My question is pretty simple. Suppose we expect our point cloud not just to embed into $\mathbb{R}^n$, but really in (or in some $\epsilon$-neighborhood) of some subspace, e.g. a smooth embedded submanifold, e.g. $S^{n-1}$.
In any of the following cases:
- We expect the data to exist in an arbitrary subspace
- We expect the data to exist in an arbitrary submanifold
- We expect the data to exist in a specific submanifold (e.g. $S^{n-1}$)
Are there algorithms to let us compute persistent homology more efficiently than had we not had prior knowledge of the shape of the range?
Of course, one could point out that this information means we can rule out certain proximity values when creating the complex. I'm looking for something less trivial.
I'd expect the answers in the case of (1) and (2) to be the same. And I should mention that I'm not too familiar with persistent homology or TDA in general.
There are several different ways to build a simplicial complex on top of point cloud data in $\mathbb{R}^n$, including alpha complexes, Cech complexes, and Vietoris-Rips complexes.
Alpha complexes are very fast to compute in $\mathbb{R}^n$ for $n$ not too large; certainly $n=2,3,4$ are not a problem. So if your data happens to lie in a 2-, 3-, or 4-dimensional subspace of Euclidean space, and you know this in advance, then you can just compute an alpha complex in $\mathbb{R}^n$ for $n=2,3,4$ very efficiently. But rarely would you know this in advance, perhaps.
Alpha complexes are subcomplexes of both Delaunay triangulations and Cech complexes. I know folks have studied alpha complexes built on point sampled from low-dimensional manifolds in high-dimensional space, and similarly for Delaunay triangulations and Cech complexes. Many such papers study the mathematical theory; I don't know of as many that study the computational efficiency in this context. Alpha complexes and Cech complexes are both homotopy equivalent to the union of the balls, so the homology that one obtains is the same as the homology of the union of the balls, which is nice.
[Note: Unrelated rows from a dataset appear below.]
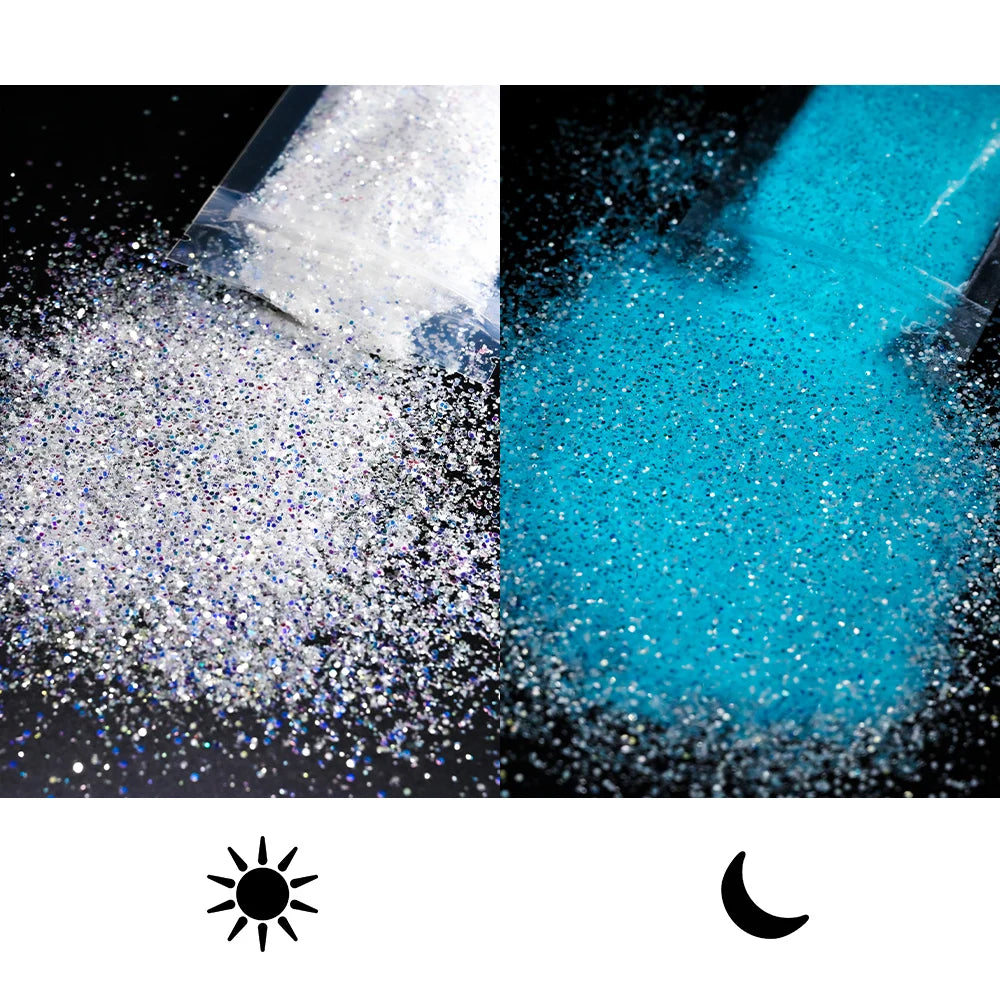 Glitter Snow White Nail Art Sugar Powder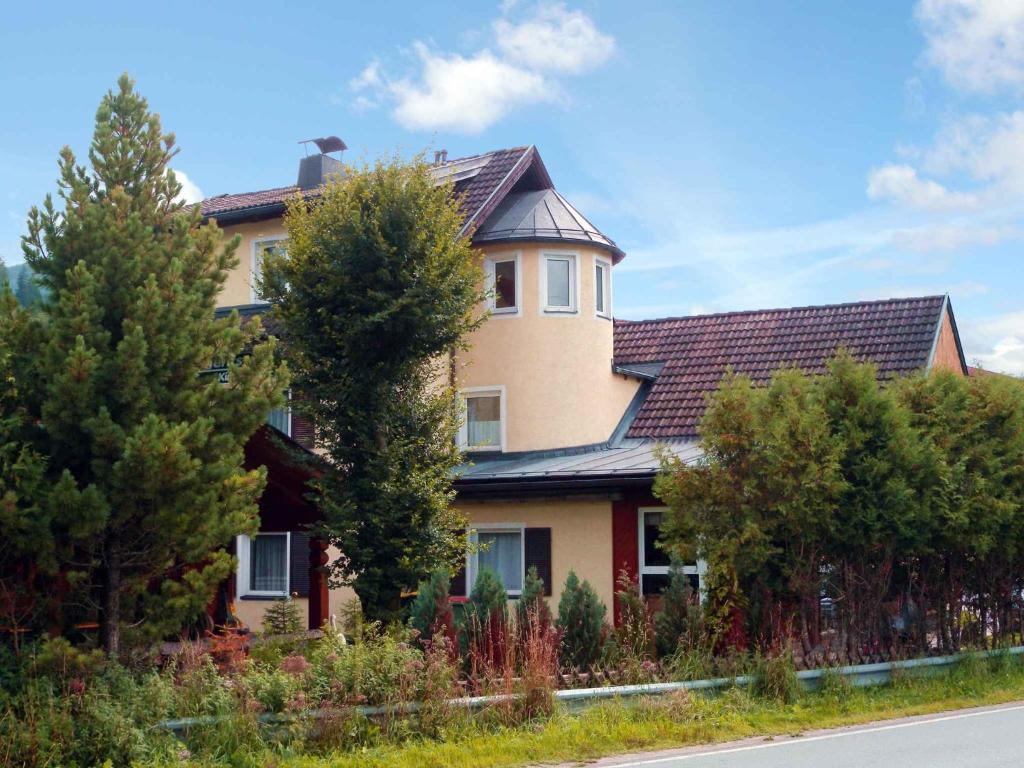 a house on the side of a road at Apartments Radstadt Salzburger Land 310 in Radstadt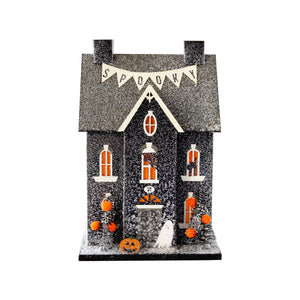 Haunted Home Halloween Glitter House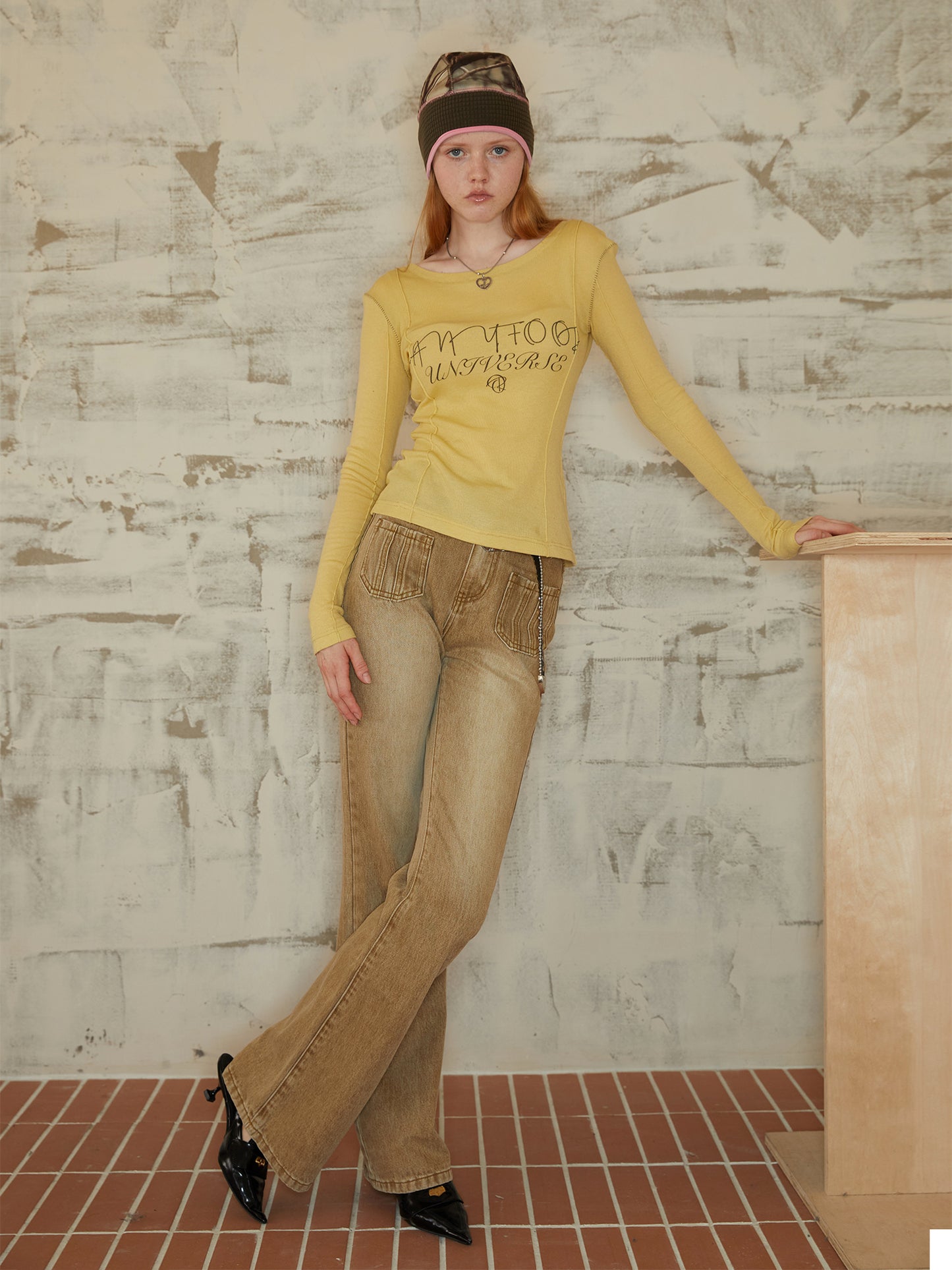 [C0020]Lemon Yellow Long Sleeves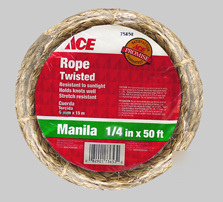 New ace manila rope 3-strand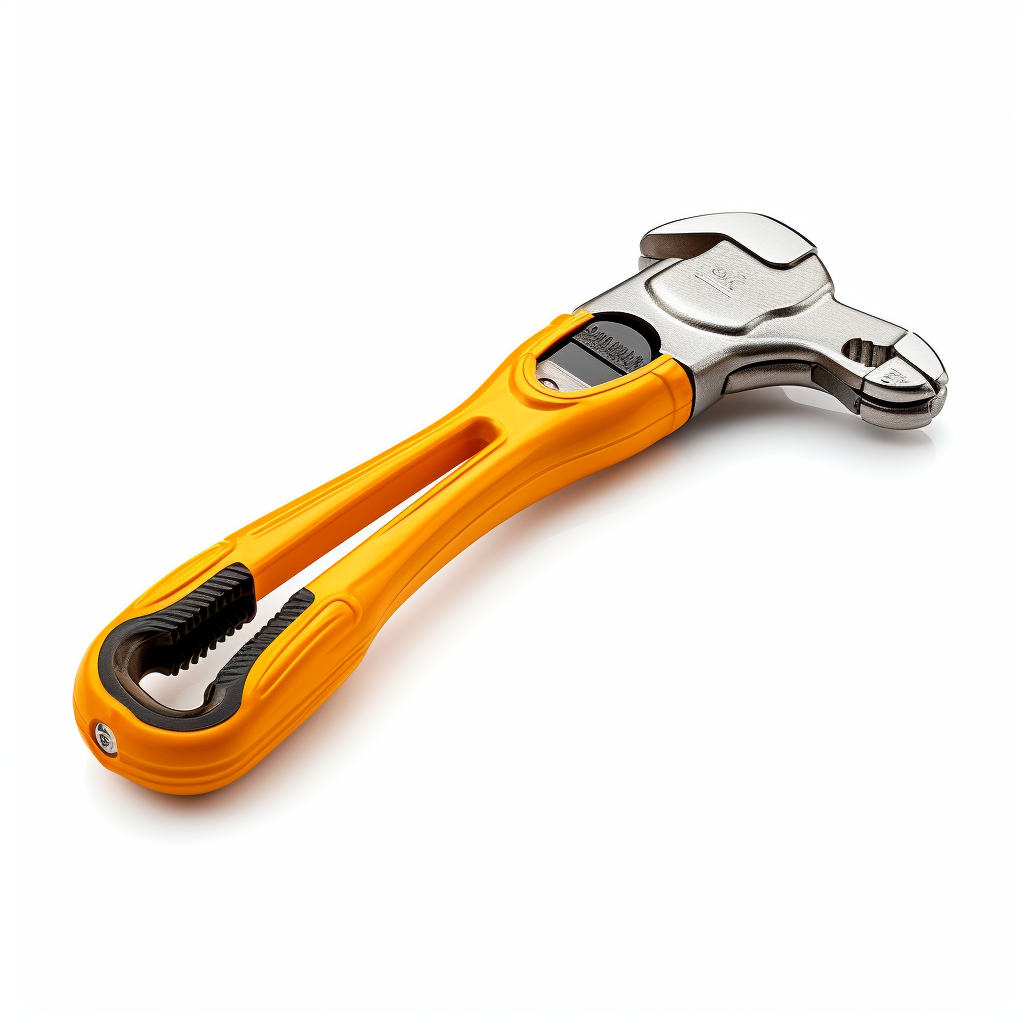 an adjustable wrench with a comfortable grip, ideal for loosening and tightening bolts or screws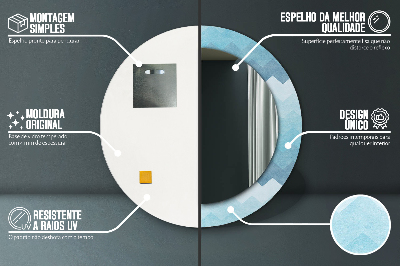 Specchio rotondo stampato Il modello di shoemaker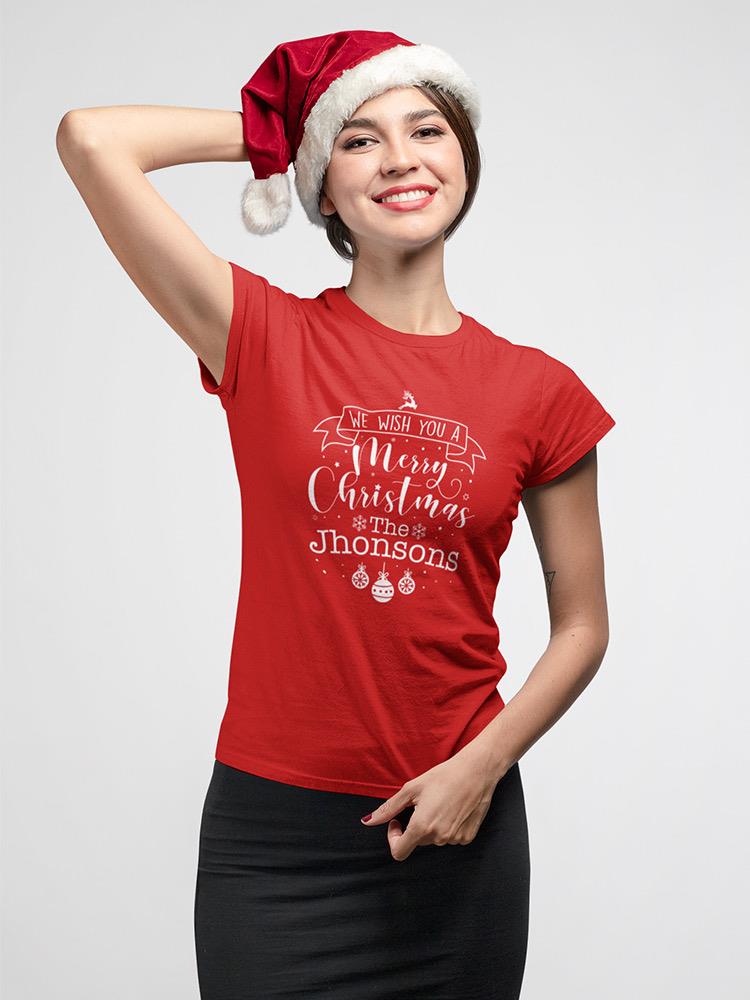 Merry Christmas Custom T-shirt -Custom Designs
My expertise is on Vietoris-Rips complexes. It is counterintuitive, but sometimes you can build a Vietoris-Rips complex on a very low-dimensional space but obtain high-dimensional homology. For example, homology in any dimension is possible from Vietoris-Rips complexes of finite point sets in the plane $\mathbb{R}^2$. As explained at the paper https://arxiv.org/pdf/1812.03374.pdf, if one knows that their points are sampled from a circle or from a curve that is sufficiently close to a circle, then one can compute persistent homology of the Vietoris-Rips complex in running time near-quadratic in the number of vertices, which is much faster than typical persistent homology algorithms that are cubic in the number of simplices. Of course, the number of simplices can be exponential in the number of vertices. But this situation of having points on or near a circle is rare. See Question 6 at that arXiv paper for a nice open question about efficiency of computing persistent homology of Vietoris-Rips complexes of finite point sets in the plane. Some is known here, but not too much. The case of $\mathbb{R}^3$ for Vietoris-Rips complexes (see Question 7) is wide open.